__Provided information__:
◆ ◆ ◆ ◆

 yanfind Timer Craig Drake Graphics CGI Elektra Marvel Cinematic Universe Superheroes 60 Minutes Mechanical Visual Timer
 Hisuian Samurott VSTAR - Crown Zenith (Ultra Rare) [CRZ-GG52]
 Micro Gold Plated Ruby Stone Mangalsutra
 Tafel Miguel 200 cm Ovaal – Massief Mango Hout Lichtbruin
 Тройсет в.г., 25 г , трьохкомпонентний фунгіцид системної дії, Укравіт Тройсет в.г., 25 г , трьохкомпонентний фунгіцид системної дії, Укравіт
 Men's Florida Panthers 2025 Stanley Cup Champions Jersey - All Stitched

◆ ◆ ◆ ◆

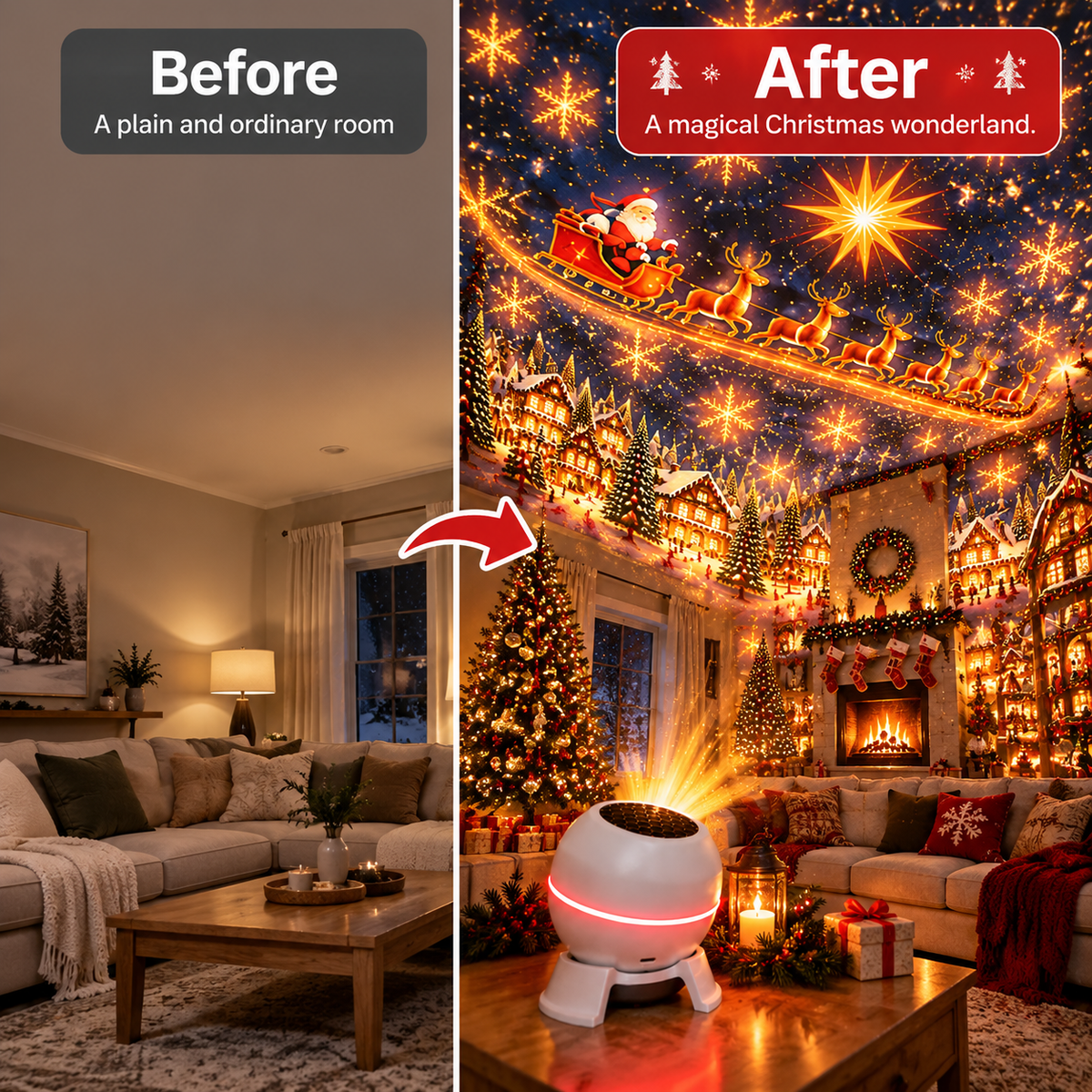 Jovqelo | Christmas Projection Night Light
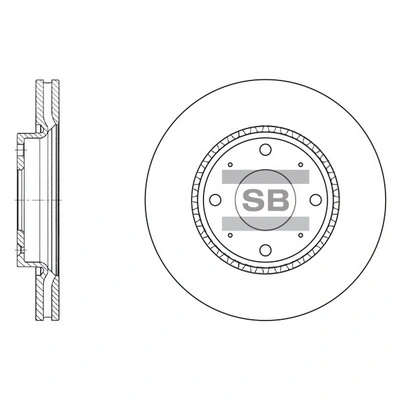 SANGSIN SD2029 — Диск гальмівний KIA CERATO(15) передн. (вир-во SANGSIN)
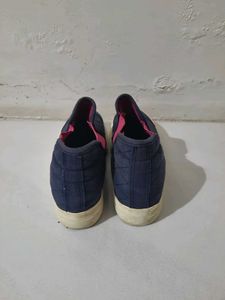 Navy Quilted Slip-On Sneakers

◆ ◆ ◆ ◆

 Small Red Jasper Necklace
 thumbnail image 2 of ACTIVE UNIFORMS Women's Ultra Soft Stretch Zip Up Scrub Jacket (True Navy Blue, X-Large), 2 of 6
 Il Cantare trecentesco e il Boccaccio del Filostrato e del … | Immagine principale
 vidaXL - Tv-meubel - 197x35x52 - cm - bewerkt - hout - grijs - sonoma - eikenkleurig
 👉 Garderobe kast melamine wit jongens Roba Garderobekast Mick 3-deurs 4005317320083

◆ ◆ ◆ ◆

__Task statement__: In the entries above, find the line holding "Micro Gold Plated Ruby Stone Mangalsutra" and the line holding "Men's Florida Panthers", then retype exactly those two lines and every line between them, and nothing else.

__Reply to the exercise__:
 Micro Gold Plated Ruby Stone Mangalsutra
 Tafel Miguel 200 cm Ovaal – Massief Mango Hout Lichtbruin
 Тройсет в.г., 25 г , трьохкомпонентний фунгіцид системної дії, Укравіт Тройсет в.г., 25 г , трьохкомпонентний фунгіцид системної дії, Укравіт
 Men's Florida Panthers 2025 Stanley Cup Champions Jersey - All Stitched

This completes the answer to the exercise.